En 1868, la collection de Khalil-Bey est vendue, l’origine du Monde ne passera pas dans cette vente publique. En 1889, le tableau est repéré par Edmond de Goncourt chez un marchand d’art. Il le décrit en ces termes : « Un panneau extérieur représentant une église de village dans la neige, il vit un ventre de femme au noir et proéminent mont de Venus sur l’entrebâillement d’un con rose. Devant ce tableau je dois faire amande honorable à Courbet : ce ventre c’est beau comme la chair d’un Corrège.[4]» Le tableau est découvert caché derrière un autre, peint par Courbet : Le château de Clonay. Les pillages de la guerre le font voyager jusqu’à Budapest, où il n’est pas découvert. Il reste dans l’ombre de ce paysage qui en fait son enveloppe.

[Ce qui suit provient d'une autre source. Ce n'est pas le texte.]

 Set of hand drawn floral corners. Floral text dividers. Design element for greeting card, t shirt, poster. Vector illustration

Alors qu’on le croyait à jamais disparu, il apparaît en 1967, dans un livre du docteur Zwang, Le sexe de la femme. En 1982, lors d’un entretien télévisé Alain Cuny (acteur français) révèle avoir vu le tableau chez Lacan, caché derrière un tableau d’André Masson. Jacques Lacan, comme ses précédents détenteurs, avait trouvé un moyen de le soustraire au regard pour mieux le faire briller lorsqu’il apparaissait dans des conditions exceptionnelles à ses visiteurs. Ce tableau, racheté par Lacan en 1955 est habillé d’un cache, ce tableau fait sur mesure par André Masson où il reprend les courbes du nu et compose un paysage érotique qu’il appelle Terre érotique. Ce n’est qu’après la mort de Lacan, en janvier 1981, que Sylvia Bataille prête le tableau pour une exposition à Brooklyn de 1988 puis en 1992 à l’exposition Masson qui a lieu à Ornans. En 1993, Sylvia meurt. En 1995, ses héritiers remettent à l’État le tableau de Courbet qui entre au Musée d’Orsay.

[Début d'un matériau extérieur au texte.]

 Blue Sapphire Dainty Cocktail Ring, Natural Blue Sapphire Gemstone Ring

Cette histoire très singulière témoigne de l’effet intemporel de ce tableau. Ce qui touche dans cette œuvre, c’est ce qu’elle vient toucher d’un intime pour chacun, laissant bien seul celui qui y pose le regard. Ce tableau n’est pas sans laisser sa marque! N’est-ce-pas la fonction de l’art ? De toucher, d’attraper le spectateur dans une rencontre unique, à en affecter son corps, en interpellant son imaginaire bien en amont des mots. La toile, en livrant son regard, en imposant un point de vue singulier au sexe féminin, abandonne l’observateur face à son désir et sa jouissance, (ou presque, le titre est très évocateur !). D’un côté, elle laisse chacun sur sa faim, livré devant l’énigme de ce qui est représenté pour les uns et non représenté pour les autres. De l’autre, la jouissance est soulignée dans un « pousse à voir » de la pulsion qui est convoqué dans une répétition du regard qui peut s’entretenir seule face au « rien à voir ». L’origine du monde renvoie à l’origine du regard… regard qui attrape la « vérité » de chacun, point de rencontre entre l’art et la psychanalyse.

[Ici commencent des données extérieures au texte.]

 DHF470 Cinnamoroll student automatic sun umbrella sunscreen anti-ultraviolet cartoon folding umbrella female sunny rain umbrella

[1] « L’origine du monde de G. Courbet, Le sens des images », lesensdesimages.com, janvier 2013.
[2] Wacjman G. , « Intime exposé, intime extorqué », Lacan.com 1997/2006.
[3] Lacan J., Le Séminaire, livre XI, Les quatre concepts fondamentaux de la psychanalyse, Paris, Seuil, 1973
[4] Fargier JP, Analyse de L’origine du monde de G. Courbet, cinéclubdecaen.com, 1966.